Struct regex_automata::nfa::thompson::Compiler

source ·
pub struct Compiler {
    parser: ParserBuilder,
    config: Config,
    builder: RefCell<Builder>,
    utf8_state: RefCell<Utf8State>,
    trie_state: RefCell<RangeTrie>,
    utf8_suffix: RefCell<Utf8SuffixMap>,
}
Expand description

A builder for compiling an NFA from a regex’s high-level intermediate representation (HIR).

This compiler provides a way to translate a parsed regex pattern into an NFA state graph. The NFA state graph can either be used directly to execute a search (e.g., with a Pike VM), or it can be further used to build a DFA.

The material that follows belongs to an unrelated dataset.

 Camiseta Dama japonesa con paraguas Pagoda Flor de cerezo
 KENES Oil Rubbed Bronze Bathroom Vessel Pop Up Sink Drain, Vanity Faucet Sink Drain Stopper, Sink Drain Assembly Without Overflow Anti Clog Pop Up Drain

This compiler provides APIs both for compiling regex patterns directly from their concrete syntax, or via a regex_syntax::hir::Hir.

This compiler has various options that may be configured via thompson::Config.

Note that a compiler is not the same as a thompson::Builder. A Builder provides a lower level API that is uncoupled from a regex pattern’s concrete syntax or even its HIR. Instead, it permits stitching together an NFA by hand. See its docs for examples.

§Example: compilation from concrete syntax

This shows how to compile an NFA from a pattern string while setting a size limit on how big the NFA is allowed to be (in terms of bytes of heap used).

use regex_automata::{
    nfa::thompson::{NFA, pikevm::PikeVM},
    Match,
};

let config = NFA::config().nfa_size_limit(Some(1_000));
let nfa = NFA::compiler().configure(config).build(r"(?-u)\w")?;

let re = PikeVM::new_from_nfa(nfa)?;
let mut cache = re.create_cache();
let mut caps = re.create_captures();
let expected = Some(Match::must(0, 3..4));
re.captures(&mut cache, "!@#A#@!", &mut caps);
assert_eq!(expected, caps.get_match());

§Example: compilation from HIR

This shows how to hand assemble a regular expression via its HIR, and then compile an NFA directly from it.

use regex_automata::{nfa::thompson::{NFA, pikevm::PikeVM}, Match};
use regex_syntax::hir::{Hir, Class, ClassBytes, ClassBytesRange};

let hir = Hir::class(Class::Bytes(ClassBytes::new(vec![
    ClassBytesRange::new(b'0', b'9'),
    ClassBytesRange::new(b'A', b'Z'),
    ClassBytesRange::new(b'_', b'_'),
    ClassBytesRange::new(b'a', b'z'),
])));

let config = NFA::config().nfa_size_limit(Some(1_000));
let nfa = NFA::compiler().configure(config).build_from_hir(&hir)?;

let re = PikeVM::new_from_nfa(nfa)?;
let mut cache = re.create_cache();
let mut caps = re.create_captures();
let expected = Some(Match::must(0, 3..4));
re.captures(&mut cache, "!@#A#@!", &mut caps);
assert_eq!(expected, caps.get_match());

Fields§

§parser: ParserBuilder

A regex parser, used when compiling an NFA directly from a pattern string.

§config: Config

The compiler configuration.

§builder: RefCell<Builder>

The builder for actually constructing an NFA. This provides a convenient abstraction for writing a compiler.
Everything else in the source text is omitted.